Currently what happens is in bsd.pkg.mk, there is a test which
compares ${PACKAGES} to ${PKGSRCDIR}/packages.  In slightly 
simplified form the test is:

cd ${PACKAGES}
case `pwd` in
	${PKGSRCDIR}/packages)
		MULTIARCH=no
		;;

	*)
		MULTIARCH=yes
		;;
esac

Basically this is trying to figure out if you have a tree like

/usr/pkgsrc/packages/{All,archivers,audio,cad,...} with binary
packages living under /usr/pkgsrc/packages/All or if you have
a tree like whats found at ftp://ftp.netbsd.org/pub/NetBSD/packages/
which is like

.../packages/{1.6.2/{alpha,i386,sparc},2.0/{amd64,i386,sparc64}}

and under each of those directories you have
{{All,archivers,audio,cad,...} again with the actual binary pkgs
living under All.  So our choice is do you have something like

/usr/pkgsrc/packages/All/foo-2.0.tar.gz

or

/some/other/place/packages/2.0/vax/All/foo-2.0.tar.gz

Clearly this test is broken.  For example you may mount pkgsrc 
read only or you may have your binary packages in some other
location which has extra storage.  In both of these cases you'll
end up with MULTIARCH=yes even though thats not right.

Now in mk/scripts/genreadme.awk, an attempt is made to find
all the binary packages for a particular package.  In the
MULTIARCH=no case, this is done by doing something like

pkgs=`ls -1 /usr/pkgsrc/packages/All/foo-*`

and then for each file in $pkgs, you get a line in your README.html
listing package version and providing a link.  The machine
arch field in the output line, the operating system name, and
operating system version are determined by the machine that generated
the README.html files.
See ftp://ftp.netbsd.org/pub/NetBSD/packages/pkgsrc/devel/gmake/README.html
for an example of what these lines look like.

This is mostly ok as implemented except that you might be
generating README.html files for some other operating system,
architecture, or version.

On the MULTIARCH=yes case, the list of packages is found with
something like

pkgs=`ls -1 /some/other/place/packages/[0-9].*/*/All/foo-*`

The "[0-9].*" is because at
ftp://ftp.netbsd.org/pub/NetBSD/packages/ there are some
other things besides os version directories.
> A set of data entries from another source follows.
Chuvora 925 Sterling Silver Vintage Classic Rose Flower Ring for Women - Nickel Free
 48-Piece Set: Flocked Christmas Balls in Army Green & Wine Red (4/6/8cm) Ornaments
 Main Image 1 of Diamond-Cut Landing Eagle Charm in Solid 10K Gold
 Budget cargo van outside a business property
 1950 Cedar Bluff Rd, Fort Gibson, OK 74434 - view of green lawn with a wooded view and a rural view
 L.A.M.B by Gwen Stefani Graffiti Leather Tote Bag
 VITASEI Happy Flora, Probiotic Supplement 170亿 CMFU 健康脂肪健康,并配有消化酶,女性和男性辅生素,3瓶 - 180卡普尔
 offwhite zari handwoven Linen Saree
Then genreadme.awk extracts the operating system version and the
machine architecture from the path to the binary package
file.  The operating system name is taken from the system
which generates the README.html file.


----------------------------------


Now, how to make things better?  One possibility is use

pkgs=`find ${PACKAGES} -name foo-\* -type f`

where the -type f skips the soft links from the categories to 
All.  Now for each $pkgs, use pkg_info -B to extract
OPSYS=NetBSD
OS_VERSION=2.0
MACHINE_ARCH=alpha

The advantage is we can lose the MULTIARCH test which is
broken anyway and we should always get the right operating
system, version, and MACHINE_ARCH for each binary package.
We get support for multiple operating systems for free.

The drawback is with 5,000 packages, you're running
find 5,000 times and pkg_info potentially many more times.
For example, ftp.netbsd.org has right at about 100,000
binary packages (!).

At 0.125 seconds per pkg_info (taken from pkg_info -B
on about 300 pkgs on a lightly loaded alpha PC164)
this is 4 hours of pkg_info.  For a more reasonable
5,000 binary packages its only 10 minutes.


Comments on this approach?  Suggestions for a better approach?

Thanks
-Dan


--